Furious residents are set to take to the streets to protest against the soaring levels of tourists visiting the island, which is part of the Spanish Canaries, as sewerage pours into the sea and traffic chaos erupts. 

The island has broken all its records for tourist arrivals according to the latest figures with data from the Tenerife Island Situation Bulletin – prepared by the Chamber of Commerce of Santa Cruz de Tenerife – revealing more than 6.5 million people visited the island in 2023.

This is the highest number of visitors in its history and 7.1 percent more than the previous year.
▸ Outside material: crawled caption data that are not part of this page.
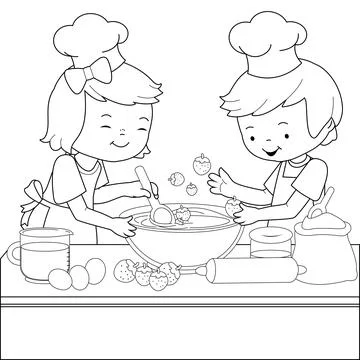 Children cooking in the kitchen at home. Vector black and white coloring page. Stock Illustration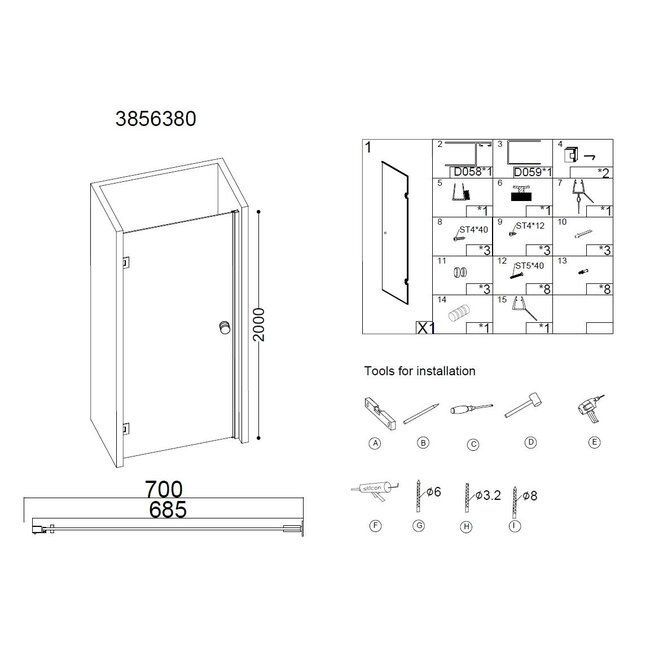 Best Design Nisdeur Erico 70 x 200 cm, 8 mm glas met chroom scharnieren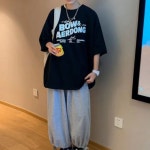 남학생반팔티 오버 스트릿 반팔 티 : 봉쥬르유미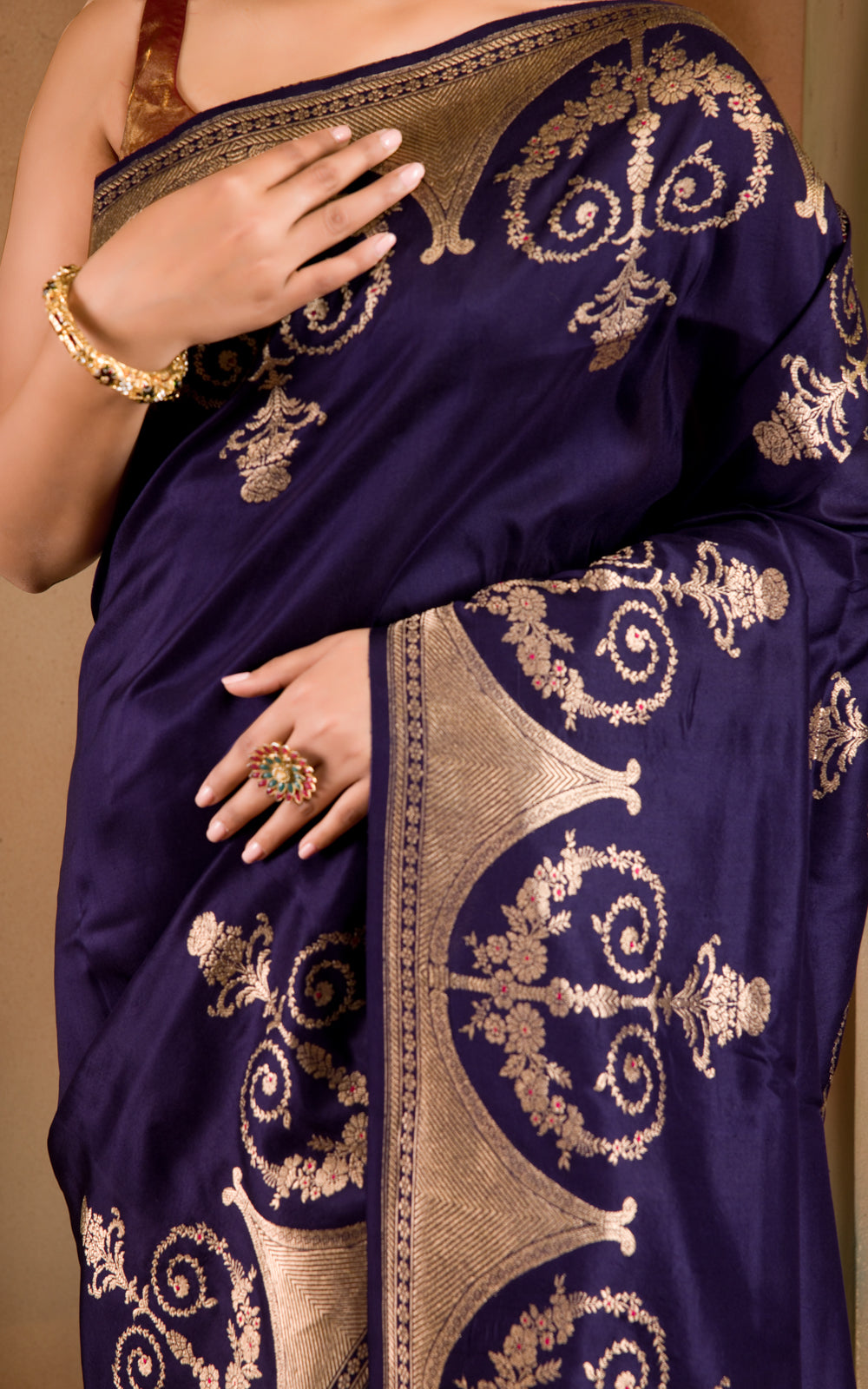 Blue Banarasi Silk Saree With Kadhua Weaves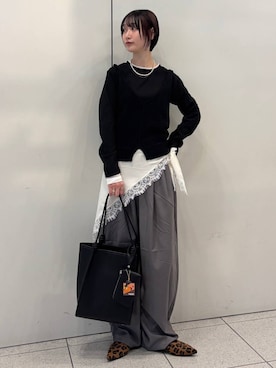 「LOWRYS FARM（ローリーズファーム）のイージーワイドコクーンパンツ 327286（その他パンツ、グレー系）」を使った、aya212525さん（レディース）の春コーディネート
The predictions for Easter and 2024 as a whole is that the number of tourists will soar even higher.

The most iconic places on the island – including Anaga and Mount Teide – are experiencing situations of “collapse” due to the massive influx of visitors and “tourismphobia” is beginning to take hold, according to local publication Canary Islands Now.

The protesters are set to take to the streets to fight against further development of the island for tourists in a huge demonstration on April 20 from Plaza Weyler in Santa Cruz de Tenerife.

The groups will use the motto “the Canary Islands have a limit. For a change of model!” and they will demand better conservation of the natural spaces of the Canary Islands, the implementation of a tourist tax as well as a regulation of the purchase of homes by foreigners.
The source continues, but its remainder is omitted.